С другой стороны, я вышел из гродненской панк-тусовки, но это не значит, что я всю жизнь слушал только панк-рок. Все что я делаю сольно, это близко к некоторым бардам и сонграйтерам, которых я слушал. Того же Булата Окуджаву. На меня сильно повлиял польский и русский рок.
— А операторство для тебя просто работа? Не хотел бы реализовываться в этой работе?
— Хотел бы. Я бы с удовольствием снимал бы животных и птиц. Сидел бы в засаде, чтобы снять удачные кадры. Но нет у нас таких передач, специального оборудования не имею, да времени тоже не хватает. Нужно зарабатывать деньги, а зарабатывать тем, чем хочется, нет возможностей.
— Считаешь ли ты себя частью какой-то субкультуры?
— Я вышел из панк-рока, а там всегда либертарианские, анархические идеи были популярны. Ну и панк-рок сам по себе — антисистемный, разрушает стандарты. Сегодня я не стал бы называть себя кем-то, надевать на себя какие-то ярлыки. Не хочу быть частью какой-то тусовки, субкультуры, так как они имеют свои рамки, имеют людей радикальных взглядов, которые в этих субкультурах рулят, превращаются в носителей традиций, непреклонных субкультурных ареопагов.

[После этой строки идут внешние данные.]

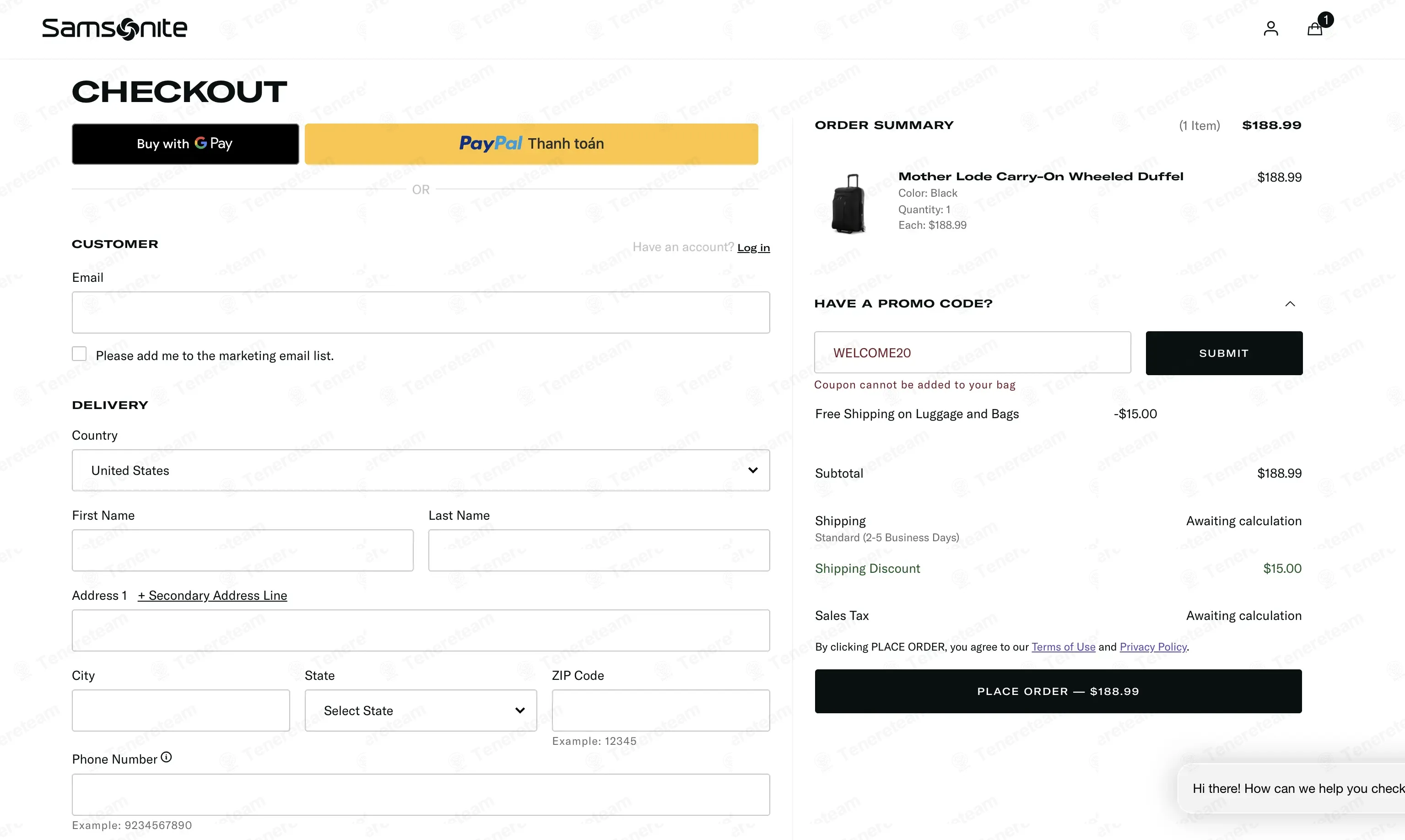 eBags coupon code: 20% off with WELCOME20. Tested and valid as 2 months ago.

Если кто-то пытается отойти от правил, то его объявляют предателем. В каком-то интервью Сергей Михалок сказал, что субкультурная цензура гораздо сильнее государственной. Тогда я его не до конца понял. Сегодня понимаю прекрасно.
Любая субкультура ограничивает. Только разница в том, что есть более тоталитарные, а есть более антисистемные, либертарианские. Но любая имеет свои рамки, границы. Ведь даже самая радикальная антисистема создает свою систему.
Я вышел за рамки субкультурного мышления, и не хочу туда возвращаться. Это не значит, что я пришел к массовой культуре, или наоборот, пришел к какой-то элитарности. В том и дело, что любая субкультура имеет претензию на элитарность: ты отличаешься от «серой» толпы, значит, ты уже что-то значишь. То, что вся элитарность — это специфическая одежда, другая музыка и ощущение принадлежности к какой-то тусовке — над этим никто не рассуждает. С другой стороны, если ты так презираешь толпу, то ты не думал о том, что ты живешь среди этих людей? Какой-то подростковый максимализм. И если для подростка это нормально, то для дядек под 40 лет, которые до сих пор цепляются за субкультурную «трушность», выглядит, как детский сад.
— А какое мировоззрение сейчас у Алеся Денисова?
— Я могу назвать себя гуманистом. Как мне кажется, общечеловеческие ценности должны быть столбом мировоззрения любого здравомыслящего человека. Но точно не считаю себя антропоцентристом. Люди так много плохого делают на планете Земля, что человечество можно воспринимать, как вирус.
Христианские ценности мне тоже очень близки. Но я не могу себя назвать религиозным человеком. Церковь — человеческая организация, которая часто возникает, как общественный институт, который собирает деньги на свои нужды и помогает государству управлять. Выяснение — какая религия истинная, а какая нет — это совсем пиздец! И не надо лезть в историческое прошлое. Исламского государства хватает. Кровожадность, дикость и тупая ненависть к иноверцам. И это — ХХI век!
Кто сильнее, тот и прав — это верный тупик в развитии человечества. Мы же не австралопитеки, мы отошли от дикости. Надо декларировать, что люди — не конкуренты, а соратники, в более широком понимании — хорошие соседи. Размахивание дубинами приведет лишь к тому, что мы друг друга поубиваем. Особенно сейчас, когда в руках некоторых правителей ядерные «дубины».